A beginner’s guide to white wine

white wine

If you like white wine, but you’d like to do more than take a random shot in the dark when choosing a bottle to whet your appetite or opt for something other than the ‘house white’ when you’re in a restaurant, or you want to pair a white wine with what you’re rustling up for supper tonight, then you might need to know more than the difference between red and white wine. 

Come to think of it, what is the difference between white wine and red wine? 

Let’s start at the very beginning…

White wine, what is it?

White wine is wine that has been fermented from grapes without skin contact i.e. the grapes are crushed to extract the juice, and the juice is separated from the grape skins before fermentation begins. Fun fact for you – you can produce white wine from black-skinned grapes, the wine colour is all in the grape skin!

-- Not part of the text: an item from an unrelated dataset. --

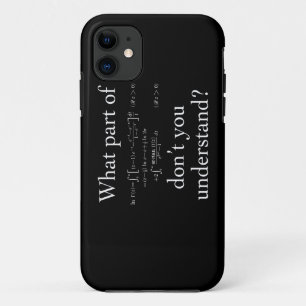 Was für ein Teil von... Weiß im Dunkeln Case-Mate iPhone Hülle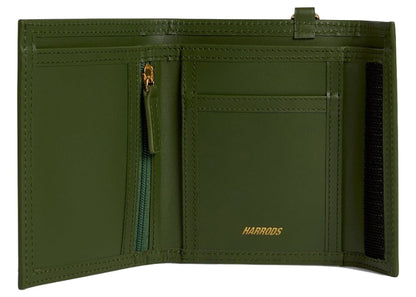Palace x Harrods Leather Logo Chain Wallet Green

There are hundreds of different types of white wines, produced all around the world. They vary in flavour, however, most white wines are considered ‘dry’, with the sweetness levels being altered throughout the fermentation process by the winemaker. 

Take note – not all wines produced from the same grape varieties will taste the same. For example, a French chardonnay (a chablis) will taste significantly different to an Australian chardonnay – this is down to (but not limited to) the way the grapes are grown, the climate in which they’re grown and how the vintner chooses to make their wine. 

Meaning, just because you don’t like one type of wine, produced from a certain grape varietal, grown by in a vineyard is a part of one country, doesn’t mean you won’t like the same type of wine produced elsewhere. 

And that’s the beauty of white wine (and all wine come to think of it) – there are so many factors that influence the way a white wine tastes, if you don’t like one bottle of wine, there are hundreds (thousands even) more out there you will like. 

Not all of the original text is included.